A problem with heroism and standard RPG design is that the “hero” begins as a “normal person”, level 1 and thus considered useless and pathetic, well, good for growing wheat maybe, and through a magical journey filled with bravery and heroism becomes able to kill a dragon, finally becomes useful, not like those 99.999% of “normal people” with their cowardice, uselessness, and meaty bodies for dragon dinners.
So the “hero” leaves the people behind, transcending their meager lives, and does what they aren’t willing to do, murder thousands of creatures in order to become strong enough to murder a very tough creature. The game assumes this process is completely fine, there’s no challenge to the underlying assumptions.
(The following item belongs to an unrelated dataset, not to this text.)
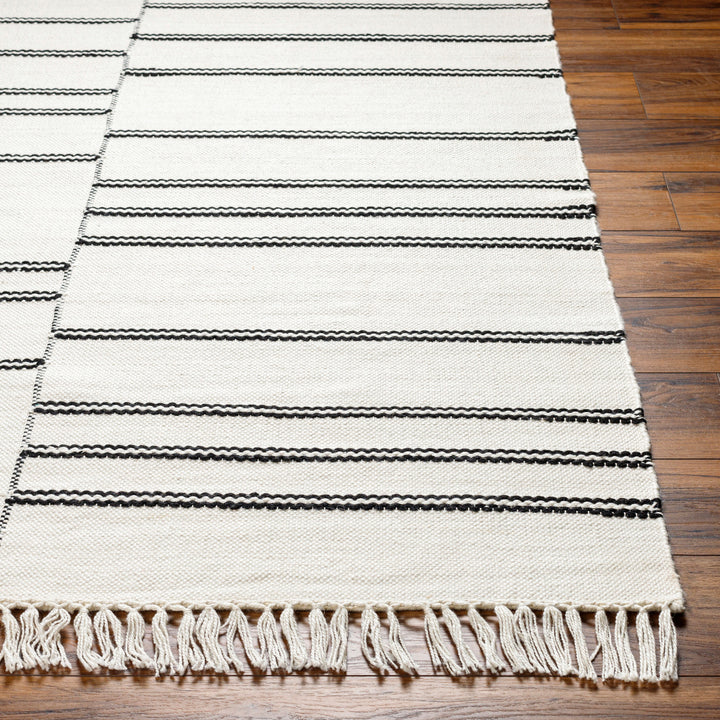 Azalea Handmade Rug | AZA-2333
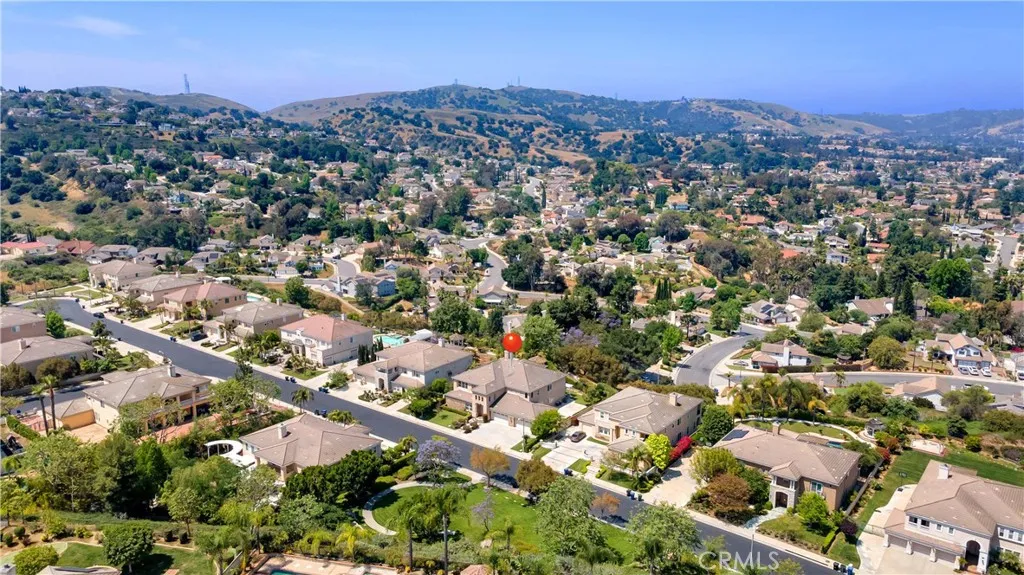 Rowland Heights, California 91748, United States, 6 Bedrooms Bedrooms, ,6 BathroomsBathrooms,Residential,Active,165790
In an era of Facebook and Twitter, where to some extent billions of people are connected and are finding that they are more similar to each other than they ever previously thought, the role of the “heroic individual” or “small band of heroes” saving the world to benefit the masses is as ludicrous as believing that killing a single creature, regardless of how odious he is, saves the world.
Blowing up the Death Star is useful, and bands of people all over the world take up arms to defend their locality – some of them are quite heroic although almost all of them are faceless to the wider world and are never featured in a heroic RPG. Blowing up the corporate towers (in Fight Club) is not useful, except to provide a fantasy of triumph amid a wreckage of despair.
Real life doesn’t have any Death Stars – no magical places where a single weapon shot, merely with pinpoint accuracy, destroys a super-key military installation. There are no magic bullets in real life and complex systems of power produce and reproduce military installations.
RPGs aren’t about heroism, they are about triumph. They make sure the player triumphs through the reload function and giving him superpowers not available to “monsters”. The only hope that monsters have to avoid death is for the player to become too bored to continue playing the game.
A solution may be not destruction, as RPGs tell us time and again, but re-construction – altering those complex systems of power to produce better results. We’ll have to give up our Fight Club and Star Wars fantasies of destruction and power over life and death to achieve such a thing.